Per impazzirne? Oppure per scaricarle periodicamente negli stadi o urlando slogans nei cortei? O per
metterle al servizio di una qualche organizzazione sedicente rivoluzionaria che la gestisca a profitto
suo e dell'ascesa dei nuovi padroni?
(...) Se un individuo rifiuta l'attuale stato di cose ed ugualmente rifiuta, perché ha capito il bidone,
di mettersi al servizio della causa dei tecnoburocrati che vogliono perpetuare l'oppressione e lo
sfruttamento di sempre e non è pertanto disposto ad aggregarsi alla falange dei pseudorivoluzionari
delle varie chiese, degli adoratori più o meno ortodossi del verbo di S. Carletto da Treviri, che cosa
può fare quando non vi sono reali prospettive di lotta al sistema? Dovrebbe forse, scoppiare e
ribellarsi da solo? Dar corpo alla sua rabbia e reagire al senso di impotenza ricorrendo al gesto
individuale, alla rivolta solitaria? Forse, ma a quale prezzo e soprattutto a che pro?

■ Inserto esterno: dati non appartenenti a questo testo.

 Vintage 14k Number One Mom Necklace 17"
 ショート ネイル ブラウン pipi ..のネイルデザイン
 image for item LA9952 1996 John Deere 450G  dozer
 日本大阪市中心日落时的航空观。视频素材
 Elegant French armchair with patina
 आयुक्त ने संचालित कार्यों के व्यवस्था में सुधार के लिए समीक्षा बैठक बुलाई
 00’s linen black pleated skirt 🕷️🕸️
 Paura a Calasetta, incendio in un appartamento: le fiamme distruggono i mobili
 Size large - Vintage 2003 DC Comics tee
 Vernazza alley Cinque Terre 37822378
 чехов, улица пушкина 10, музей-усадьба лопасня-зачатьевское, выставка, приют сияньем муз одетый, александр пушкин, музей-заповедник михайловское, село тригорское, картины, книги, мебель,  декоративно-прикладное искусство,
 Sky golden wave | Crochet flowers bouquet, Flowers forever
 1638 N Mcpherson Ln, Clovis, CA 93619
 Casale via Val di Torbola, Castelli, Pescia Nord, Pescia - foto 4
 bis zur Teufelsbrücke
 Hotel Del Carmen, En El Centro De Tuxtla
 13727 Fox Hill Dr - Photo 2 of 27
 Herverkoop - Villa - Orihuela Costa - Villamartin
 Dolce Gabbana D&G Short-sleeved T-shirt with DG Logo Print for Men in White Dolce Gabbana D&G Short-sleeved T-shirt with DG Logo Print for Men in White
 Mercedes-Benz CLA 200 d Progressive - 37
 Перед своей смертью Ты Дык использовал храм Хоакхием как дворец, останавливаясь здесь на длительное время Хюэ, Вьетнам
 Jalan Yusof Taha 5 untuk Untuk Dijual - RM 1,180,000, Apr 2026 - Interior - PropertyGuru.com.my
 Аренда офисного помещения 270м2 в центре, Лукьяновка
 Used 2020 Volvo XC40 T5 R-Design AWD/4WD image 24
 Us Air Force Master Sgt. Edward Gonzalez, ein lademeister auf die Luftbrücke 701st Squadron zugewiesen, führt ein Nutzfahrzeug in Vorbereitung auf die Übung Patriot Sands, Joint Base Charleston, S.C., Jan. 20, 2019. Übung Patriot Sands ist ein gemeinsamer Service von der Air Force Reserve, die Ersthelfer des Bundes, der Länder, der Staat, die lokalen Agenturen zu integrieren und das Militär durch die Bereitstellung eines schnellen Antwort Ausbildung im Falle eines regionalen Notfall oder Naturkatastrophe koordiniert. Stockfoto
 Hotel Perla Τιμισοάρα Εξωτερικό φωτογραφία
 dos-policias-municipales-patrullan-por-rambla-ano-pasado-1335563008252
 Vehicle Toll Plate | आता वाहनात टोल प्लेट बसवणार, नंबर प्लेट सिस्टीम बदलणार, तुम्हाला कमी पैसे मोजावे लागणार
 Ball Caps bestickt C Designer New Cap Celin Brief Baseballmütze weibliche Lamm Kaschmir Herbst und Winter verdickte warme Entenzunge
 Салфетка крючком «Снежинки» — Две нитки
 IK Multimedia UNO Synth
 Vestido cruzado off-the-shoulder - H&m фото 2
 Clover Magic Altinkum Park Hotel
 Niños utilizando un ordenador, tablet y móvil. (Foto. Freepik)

(...) E allora perché meravigliarsi e affannarsi a condannare coloro che preferiscono rinunciare alla
lotta e preferiscono sopravvivere trovando scampo nella droga? Condannereste forse voi uno che
decide di suicidarsi quando ne ha le scatole piene?
Cari compagni, non è per polemizzare che vi ho scritto ma solo perché vorrei incoraggiarvi e
spronarvi a fare sempre meglio e di più.
I.P. Malrieu nella prefazione del suo libro: "In nome della necessità" ha scritto: "da cento anni la
corrente anarchica ha riaffermato contro venti e maree, di fronte al marxismo, una ideologia
antiautoritaria fondamentalmente giusta. Ma questo discorso, ingombro molto spesso di versetti
moralistici, folgorato qua e là di intuizioni geniali e profetiche non ha potuto combattere il fascismo
rassicurante che il marxismo avvolto nel suo status di scienza esercitava sul movimento
rivoluzionario"; qualcosa di vero c'è, ma, quando poi egli afferma: "Non restava altro agli anarchici
che assumersi fino alla fine la loro accettazione del tragico "Viva la muerte" sotto le bandiere nere";
e qui non posso, non possiamo essere d'accordo perché sappiamo che "anarchia" vuol dire vita,
libertà, amore e completezza per tutti non la morte ma neppure l'acquiescenza a chi vuole perpetuare
l'oppressione di sempre. Solo con l'anarchia l'umanità si salverà. Ma ora, oggi troppo scarsa è
l'influenza e la diffusione dell'idea libertaria. E voi potete fare molto diffondendo le analisi
autenticamente rivoluzionarie che portate avanti da anni. Ma bisognerà anche che da queste analisi
riusciate a dedurre e distillare delle indicazioni coerenti per una lotta valida ed efficace per realizzare
anche "contro la storia" un nuovo tipo di società. Si tratta di impedire al sistema di recuperare e
annullare sia attraverso la droga, sia attraverso le ideologie mistificanti dell'autoritarismo marxista,
lo scontento e il rifiuto di tanti potenziali rivoluzionari e di offrire a coloro che si autodistruggono
accettando l'emarginazione e la rinuncia, una via di uscita e una prospettiva di salvezza. Se si riuscirà
a far questo potranno forse realizzarsi le parole di speranza con cui Luigi Galleani chiudeva il suo
scritto in risposta al traditore Saverio Merlino "L'Anarchia sarà!".